The new missile system, designated Joint Tactical Missile System (JTACMS), soon encountered USAF resistance to the idea of an air-launched ballistic missile. As a result, in 1984 the USAF ended its participation in the non-cruise missile portion of the program, leading to the missile being redesignated as the Army Tactical Missile System (ATACMS).

In fiscal year 1982, the United States House Committee on Appropriations approved the Corps Support Weapon System (CSWS) program, which was the successor to the US Army Assault Breaker program in cooperation with DARPA, was merged with the Conventional Standoff Weapon (CSW) US Air Force and renamed the Joint Tactical Missile System (JTACMS), the goal of which was to create a weapon that meets the combined requirements of both programs, namely, that it can attack and destroy the second-echelon of enemy forces, in particular armored vehicles, and scatter submunitions against such vehicles. In this project, it was planned to use the technologies of Assault Breaker to develop a surface-to-surface weapon system, which should be used for the so-called "deep interdiction" (some sort of preventive measure, the prototype of which is air interdiction used by air force) – by which is meant the destruction or causing significant damage by the joint activity of air and ground forces to the specific distant from the front line targets, such as buildings, bridges, oil refineries and other industry, that way slowing down logistics and/or providing and/or supporting and, therefore, advancing enemy troops with the aim of tactical, even albeit short-term, superiority of allied troops, which can significantly affect the military theater in a positive way, – using conventional or nuclear weapons on the battlefield. Although both services were to participate in the development of the weapon, it was the US Army who led the JTACMS program.

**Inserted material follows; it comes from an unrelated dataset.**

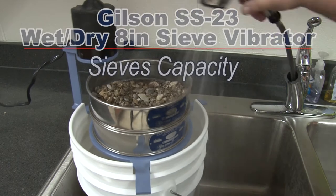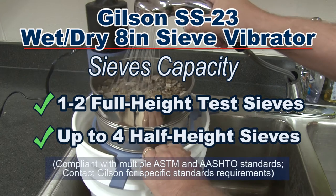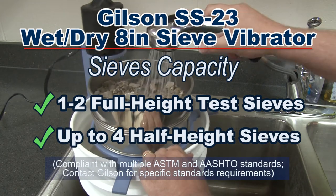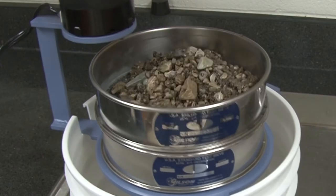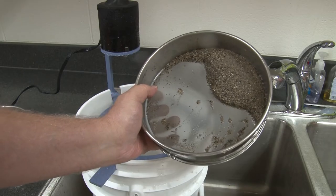The SS23 can be used with either one or two full-height or up to four half-height 8-inch ASTM test sieves. Vibration energy is transferred directly to sieve frames, promoting passage of finer particles.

The program was initially led by Colonel James B. Lincoln, who was a full-time and continuous student at numerous military schools (from 1960, when he graduated from the United States Military Academy, until 1980, when he graduated from the Industrial College of the Armed Forces), in 1977 on the basis of Defense Systems Management College graduated with a thesis of "Managing Total Acquisition Time: A New Priority for Major Weapon Systems", where, in particular, he focused on the significant decrease in the pace of procurement of the main missile complexes compared to 1971 and in 1980, heading the TRADOC program at Fort Sill in the direction of MLRS, spoke rather defiantly about field army systems, where, in particular, he compared the struggle of the US Army for limited resources during the development of new systems with bow wave, which prevents the ship from accelerating, and military projects are either canceled or refinanced by the state, with waves diverging from it, and was noticed by DARCOM. In April 1984, he was transferred to be the head of the TOW project, and in the current project he was replaced by Colonel William J. Fiorentino, who by that time had already been the head of the Pershing Project Manager's Office for more than 5 years, which during his leadership developed two-stage solid fuel mobile-launched ballistic missiles with a nuclear warhead both short (Pershing) and medium (Pershing II) ranged. Dr. Billy Tidwell who was program manager during JTACMS while and Acting Program Manager for a short period.